I got the opportunity to interview Patrick again when he came to Brandeis Thursday. Before, I liked him. Now, I'm convinced. Just as the United States needed Bill Clinton in the early 90's, Massachusetts needs Deval Patrick. The question is whether the state will warm up to that fact in time for the September primaries.

First, a brief bio for those of you who-like me a month ago-don't really know who he is. Patrick grew up on welfare on the South Side of Chicago. He lived in a tenement home, sharing one bedroom with his mother and sister. When I asked him what he was like back then he smiled sheepishly and admitted, "I did my homework. I was boring."

When he was 13, his seventh grade English teacher told him to apply for the "A Better Chance" program, which puts high-achieving inner-city kids into private schools.
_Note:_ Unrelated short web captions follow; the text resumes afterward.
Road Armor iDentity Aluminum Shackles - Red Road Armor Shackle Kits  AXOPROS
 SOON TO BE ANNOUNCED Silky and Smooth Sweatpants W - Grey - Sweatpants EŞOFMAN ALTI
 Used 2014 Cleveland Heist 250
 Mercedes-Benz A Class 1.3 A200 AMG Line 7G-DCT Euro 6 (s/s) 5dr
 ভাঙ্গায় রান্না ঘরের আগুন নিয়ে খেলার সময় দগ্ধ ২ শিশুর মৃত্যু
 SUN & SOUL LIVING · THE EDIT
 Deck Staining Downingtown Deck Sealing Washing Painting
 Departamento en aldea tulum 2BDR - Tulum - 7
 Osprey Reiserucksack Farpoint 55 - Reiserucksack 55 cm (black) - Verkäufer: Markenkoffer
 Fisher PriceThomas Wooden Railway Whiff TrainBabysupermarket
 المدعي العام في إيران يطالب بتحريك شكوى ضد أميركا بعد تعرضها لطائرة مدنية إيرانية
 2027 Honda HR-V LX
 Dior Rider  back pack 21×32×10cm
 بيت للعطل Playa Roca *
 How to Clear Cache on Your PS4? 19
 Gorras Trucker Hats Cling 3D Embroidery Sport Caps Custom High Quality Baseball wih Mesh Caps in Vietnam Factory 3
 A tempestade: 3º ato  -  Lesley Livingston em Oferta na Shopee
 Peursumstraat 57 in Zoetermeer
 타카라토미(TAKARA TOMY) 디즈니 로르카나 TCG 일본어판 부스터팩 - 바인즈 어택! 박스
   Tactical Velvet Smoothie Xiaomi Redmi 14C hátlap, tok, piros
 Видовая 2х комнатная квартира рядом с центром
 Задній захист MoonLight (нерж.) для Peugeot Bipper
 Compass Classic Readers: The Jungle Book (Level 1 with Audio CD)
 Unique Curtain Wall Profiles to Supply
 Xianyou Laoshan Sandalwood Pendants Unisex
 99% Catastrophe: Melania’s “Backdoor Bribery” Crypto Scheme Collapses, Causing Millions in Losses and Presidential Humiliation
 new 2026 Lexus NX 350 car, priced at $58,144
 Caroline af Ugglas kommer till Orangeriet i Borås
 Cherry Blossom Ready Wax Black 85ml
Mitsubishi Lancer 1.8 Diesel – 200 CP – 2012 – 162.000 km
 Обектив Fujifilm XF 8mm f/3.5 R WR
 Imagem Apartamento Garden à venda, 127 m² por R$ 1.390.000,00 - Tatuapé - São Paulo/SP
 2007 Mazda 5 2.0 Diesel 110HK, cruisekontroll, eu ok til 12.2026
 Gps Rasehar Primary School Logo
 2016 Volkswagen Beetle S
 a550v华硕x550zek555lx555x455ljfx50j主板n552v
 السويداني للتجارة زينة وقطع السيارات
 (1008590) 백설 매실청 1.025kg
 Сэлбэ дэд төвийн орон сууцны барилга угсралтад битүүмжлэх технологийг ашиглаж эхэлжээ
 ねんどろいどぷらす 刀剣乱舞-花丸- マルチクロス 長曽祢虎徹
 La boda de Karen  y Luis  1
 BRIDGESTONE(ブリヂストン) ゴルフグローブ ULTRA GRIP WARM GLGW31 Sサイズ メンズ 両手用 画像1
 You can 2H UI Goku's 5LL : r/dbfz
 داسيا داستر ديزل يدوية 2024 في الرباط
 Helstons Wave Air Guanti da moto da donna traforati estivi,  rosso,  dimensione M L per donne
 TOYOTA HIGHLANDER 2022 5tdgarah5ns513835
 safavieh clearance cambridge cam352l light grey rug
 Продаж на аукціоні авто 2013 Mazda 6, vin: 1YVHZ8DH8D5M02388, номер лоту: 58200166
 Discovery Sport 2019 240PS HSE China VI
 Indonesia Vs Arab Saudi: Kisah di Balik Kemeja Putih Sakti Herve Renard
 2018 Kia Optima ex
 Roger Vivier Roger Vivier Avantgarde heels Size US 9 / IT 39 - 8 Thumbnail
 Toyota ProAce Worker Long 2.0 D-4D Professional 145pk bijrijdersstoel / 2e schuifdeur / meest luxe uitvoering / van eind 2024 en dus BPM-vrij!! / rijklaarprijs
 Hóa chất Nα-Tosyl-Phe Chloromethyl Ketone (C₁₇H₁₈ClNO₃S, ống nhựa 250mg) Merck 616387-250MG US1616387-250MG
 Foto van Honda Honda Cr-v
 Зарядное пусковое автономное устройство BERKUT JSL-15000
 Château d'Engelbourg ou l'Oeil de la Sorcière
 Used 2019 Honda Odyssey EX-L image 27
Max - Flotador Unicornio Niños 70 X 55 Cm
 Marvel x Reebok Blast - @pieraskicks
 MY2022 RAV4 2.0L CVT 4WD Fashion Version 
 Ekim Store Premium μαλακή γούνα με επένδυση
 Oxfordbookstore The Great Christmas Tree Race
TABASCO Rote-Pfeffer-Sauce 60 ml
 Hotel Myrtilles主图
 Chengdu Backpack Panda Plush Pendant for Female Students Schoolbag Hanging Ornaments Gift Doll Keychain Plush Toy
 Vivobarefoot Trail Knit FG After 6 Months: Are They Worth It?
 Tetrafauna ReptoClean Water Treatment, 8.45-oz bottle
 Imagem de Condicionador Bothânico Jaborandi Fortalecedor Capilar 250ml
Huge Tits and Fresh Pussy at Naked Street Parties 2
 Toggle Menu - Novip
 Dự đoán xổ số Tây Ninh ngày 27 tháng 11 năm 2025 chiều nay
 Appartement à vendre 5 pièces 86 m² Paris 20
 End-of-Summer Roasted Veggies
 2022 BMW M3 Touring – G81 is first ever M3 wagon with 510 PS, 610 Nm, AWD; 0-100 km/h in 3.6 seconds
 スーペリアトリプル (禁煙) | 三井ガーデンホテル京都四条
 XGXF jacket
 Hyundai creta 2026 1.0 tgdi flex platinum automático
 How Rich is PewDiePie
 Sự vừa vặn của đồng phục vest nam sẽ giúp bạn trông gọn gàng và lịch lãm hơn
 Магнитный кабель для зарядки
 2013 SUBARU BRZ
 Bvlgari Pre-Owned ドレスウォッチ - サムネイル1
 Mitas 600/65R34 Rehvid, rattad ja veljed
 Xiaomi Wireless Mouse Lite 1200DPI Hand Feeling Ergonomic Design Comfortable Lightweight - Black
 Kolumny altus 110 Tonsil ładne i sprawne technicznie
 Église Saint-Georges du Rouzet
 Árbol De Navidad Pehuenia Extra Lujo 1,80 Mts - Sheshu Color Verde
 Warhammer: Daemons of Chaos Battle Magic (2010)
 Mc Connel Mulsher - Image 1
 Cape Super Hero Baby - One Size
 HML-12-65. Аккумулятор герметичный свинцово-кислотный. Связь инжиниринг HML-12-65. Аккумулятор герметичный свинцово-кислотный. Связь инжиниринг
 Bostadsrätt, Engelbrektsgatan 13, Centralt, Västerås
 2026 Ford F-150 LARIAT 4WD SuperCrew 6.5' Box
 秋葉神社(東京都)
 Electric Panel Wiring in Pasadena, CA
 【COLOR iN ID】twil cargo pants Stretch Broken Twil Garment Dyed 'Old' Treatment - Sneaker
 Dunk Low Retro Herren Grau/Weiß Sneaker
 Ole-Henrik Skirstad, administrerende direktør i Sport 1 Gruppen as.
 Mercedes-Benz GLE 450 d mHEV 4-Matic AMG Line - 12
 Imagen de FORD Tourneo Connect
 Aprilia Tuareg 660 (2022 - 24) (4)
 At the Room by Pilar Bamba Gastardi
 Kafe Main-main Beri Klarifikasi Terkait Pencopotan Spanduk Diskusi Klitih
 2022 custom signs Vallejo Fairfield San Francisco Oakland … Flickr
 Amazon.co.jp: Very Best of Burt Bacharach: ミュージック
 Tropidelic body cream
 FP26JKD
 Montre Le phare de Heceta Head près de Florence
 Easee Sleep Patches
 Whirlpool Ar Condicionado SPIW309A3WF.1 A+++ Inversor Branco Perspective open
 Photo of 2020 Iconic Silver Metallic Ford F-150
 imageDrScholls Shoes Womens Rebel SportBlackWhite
Patrick was placed at Milton Academy, a super-swish prep school about a half-hour drive from Brandeis. From there he went to Harvard College and Harvard Law School. He was an assistant attorney general for civil rights in the Clinton administration, and then he worked in the boardrooms of Texaco and Coca-Cola.

His rsum is impressive, but both in person and at the podium, Patrick appears convincingly humble, thoughtful and honest.

The reason Massachusetts needs Patrick is because its politics, like its economy, are stagnating under uninteresting leadership. Many see governor Mitt Romney as an egotistic businessman who spends his time traveling to different states-stealthily campaigning for a presidential race he has no chance of winning, scorning Massachusetts and its weird liberal values. Patrick, however, is thoroughly intelligent-he understands politics, he understands business and, most importantly, he understands people. His passion and energy are contagious-and are exactly what Massachusetts needs right now.

Here's the problem I anticipate for Patrick: As we saw in the last two presidential elections, when it comes to politics in America, complexity is a bad word. So often it seems as though if voters can't pigeonhole candidates into two or three words they understand, they get nervous and choose the safe option.

Patrick's main Democratic rival, Attorney General Tom Reilly, understands this perfectly. His story is simple: He's the son of poor Irish immigrants, and he worked his way up in the world, never forgetting his working-class roots.

Patrick is a bit more complicated. He's a minority candidate, so you'd assume he'd get the minority vote as a given. But with his slick suits and suave manners, he screams Harvard rather than Roxbury. Even though he's a walking rags-to-riches Horatio Alger character, he doesn't look like it. He looks like a black man with two feet firmly planted in America's upper-middle class elite.

"Don't put me in a box, because I won't fit," Patrick told me when I began to suggest this to him. He said he has found that his grassroots campaign-which involves traveling 4,000 miles every month around Massachusetts-has been as successful in Lexington and Cambridge as in poorer, working class towns around Massachusetts. "I want to and will compete in every corner of the state," he said.

I have no doubt that anyone who watches Patrick speak will fall for him-it's just a matter of time. If Patrick can reach enough people before the September primaries, then he has a good chance of shaking off one of American politics' most shameful, embarrassing qualities: its instinctive distrust of an unusual candidate, especially when that candidate isn't white.

It all depends on whether Massachusetts can realize quickly enough what it so desperately needs.